■ TASK REQUIREMENTS
Restate word for word the lines of the material below, from the line with "Gueevin 100 Pcs" to the line with "Hand painted erotic", both lines included, and no others.
*** Opening DATA TO PROCESS ***
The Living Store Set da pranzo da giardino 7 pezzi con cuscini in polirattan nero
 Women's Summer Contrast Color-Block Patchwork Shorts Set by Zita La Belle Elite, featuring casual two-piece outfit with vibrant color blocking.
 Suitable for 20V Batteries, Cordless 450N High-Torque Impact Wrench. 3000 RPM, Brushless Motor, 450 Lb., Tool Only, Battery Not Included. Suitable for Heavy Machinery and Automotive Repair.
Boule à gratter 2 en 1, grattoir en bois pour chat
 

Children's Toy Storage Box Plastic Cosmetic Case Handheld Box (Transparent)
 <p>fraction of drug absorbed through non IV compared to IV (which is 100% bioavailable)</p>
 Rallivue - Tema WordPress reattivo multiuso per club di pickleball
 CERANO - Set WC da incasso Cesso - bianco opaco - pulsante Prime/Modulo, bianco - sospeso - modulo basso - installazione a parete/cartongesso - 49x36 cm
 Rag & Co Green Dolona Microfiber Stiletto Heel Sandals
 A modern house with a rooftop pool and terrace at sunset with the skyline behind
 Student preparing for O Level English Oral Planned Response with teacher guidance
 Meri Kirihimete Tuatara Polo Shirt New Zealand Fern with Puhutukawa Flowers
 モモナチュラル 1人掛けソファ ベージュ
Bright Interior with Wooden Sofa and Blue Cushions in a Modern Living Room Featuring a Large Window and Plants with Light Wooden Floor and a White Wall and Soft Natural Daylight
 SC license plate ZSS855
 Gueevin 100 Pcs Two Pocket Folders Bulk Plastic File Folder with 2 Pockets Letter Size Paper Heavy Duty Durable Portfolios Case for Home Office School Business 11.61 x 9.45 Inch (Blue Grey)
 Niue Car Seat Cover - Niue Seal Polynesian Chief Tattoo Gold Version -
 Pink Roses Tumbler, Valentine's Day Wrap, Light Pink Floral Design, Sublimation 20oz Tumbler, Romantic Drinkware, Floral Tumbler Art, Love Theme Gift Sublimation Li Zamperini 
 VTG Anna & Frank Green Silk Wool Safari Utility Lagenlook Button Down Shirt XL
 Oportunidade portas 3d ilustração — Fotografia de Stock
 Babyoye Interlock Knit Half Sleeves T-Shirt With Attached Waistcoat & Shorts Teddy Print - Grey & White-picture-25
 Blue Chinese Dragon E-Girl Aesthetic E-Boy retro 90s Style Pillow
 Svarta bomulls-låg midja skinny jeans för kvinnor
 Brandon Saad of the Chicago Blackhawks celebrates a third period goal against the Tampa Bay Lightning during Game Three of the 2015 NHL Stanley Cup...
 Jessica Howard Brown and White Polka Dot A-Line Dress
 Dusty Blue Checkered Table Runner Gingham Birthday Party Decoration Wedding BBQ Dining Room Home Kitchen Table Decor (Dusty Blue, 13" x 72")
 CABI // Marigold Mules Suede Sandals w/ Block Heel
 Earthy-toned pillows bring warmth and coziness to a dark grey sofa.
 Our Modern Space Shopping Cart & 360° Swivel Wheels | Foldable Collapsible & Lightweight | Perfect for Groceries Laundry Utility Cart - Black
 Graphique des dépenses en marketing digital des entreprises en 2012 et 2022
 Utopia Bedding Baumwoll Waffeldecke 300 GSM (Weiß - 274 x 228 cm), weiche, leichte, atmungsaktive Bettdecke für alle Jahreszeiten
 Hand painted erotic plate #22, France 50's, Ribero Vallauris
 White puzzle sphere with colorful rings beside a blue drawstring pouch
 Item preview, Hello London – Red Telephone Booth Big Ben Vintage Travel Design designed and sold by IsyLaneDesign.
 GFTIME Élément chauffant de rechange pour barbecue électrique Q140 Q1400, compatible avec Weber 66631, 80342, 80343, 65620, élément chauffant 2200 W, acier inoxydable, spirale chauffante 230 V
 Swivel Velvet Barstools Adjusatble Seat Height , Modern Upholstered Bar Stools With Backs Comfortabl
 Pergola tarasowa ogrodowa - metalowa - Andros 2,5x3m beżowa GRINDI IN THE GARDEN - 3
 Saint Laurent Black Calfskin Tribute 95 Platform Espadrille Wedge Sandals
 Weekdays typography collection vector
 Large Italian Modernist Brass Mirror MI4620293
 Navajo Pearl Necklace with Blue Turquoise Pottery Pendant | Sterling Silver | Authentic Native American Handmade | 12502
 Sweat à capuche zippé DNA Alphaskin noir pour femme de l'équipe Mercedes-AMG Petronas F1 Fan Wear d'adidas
*** Closing DATA TO PROCESS ***
■ ANSWER
 Gueevin 100 Pcs Two Pocket Folders Bulk Plastic File Folder with 2 Pockets Letter Size Paper Heavy Duty Durable Portfolios Case for Home Office School Business 11.61 x 9.45 Inch (Blue Grey)
 Niue Car Seat Cover - Niue Seal Polynesian Chief Tattoo Gold Version -
 Pink Roses Tumbler, Valentine's Day Wrap, Light Pink Floral Design, Sublimation 20oz Tumbler, Romantic Drinkware, Floral Tumbler Art, Love Theme Gift Sublimation Li Zamperini 
 VTG Anna & Frank Green Silk Wool Safari Utility Lagenlook Button Down Shirt XL
 Oportunidade portas 3d ilustração — Fotografia de Stock
 Babyoye Interlock Knit Half Sleeves T-Shirt With Attached Waistcoat & Shorts Teddy Print - Grey & White-picture-25
 Blue Chinese Dragon E-Girl Aesthetic E-Boy retro 90s Style Pillow
 Svarta bomulls-låg midja skinny jeans för kvinnor
 Brandon Saad of the Chicago Blackhawks celebrates a third period goal against the Tampa Bay Lightning during Game Three of the 2015 NHL Stanley Cup...
 Jessica Howard Brown and White Polka Dot A-Line Dress
 Dusty Blue Checkered Table Runner Gingham Birthday Party Decoration Wedding BBQ Dining Room Home Kitchen Table Decor (Dusty Blue, 13" x 72")
 CABI // Marigold Mules Suede Sandals w/ Block Heel
 Earthy-toned pillows bring warmth and coziness to a dark grey sofa.
 Our Modern Space Shopping Cart & 360° Swivel Wheels | Foldable Collapsible & Lightweight | Perfect for Groceries Laundry Utility Cart - Black
 Graphique des dépenses en marketing digital des entreprises en 2012 et 2022
 Utopia Bedding Baumwoll Waffeldecke 300 GSM (Weiß - 274 x 228 cm), weiche, leichte, atmungsaktive Bettdecke für alle Jahreszeiten
 Hand painted erotic plate #22, France 50's, Ribero Vallauris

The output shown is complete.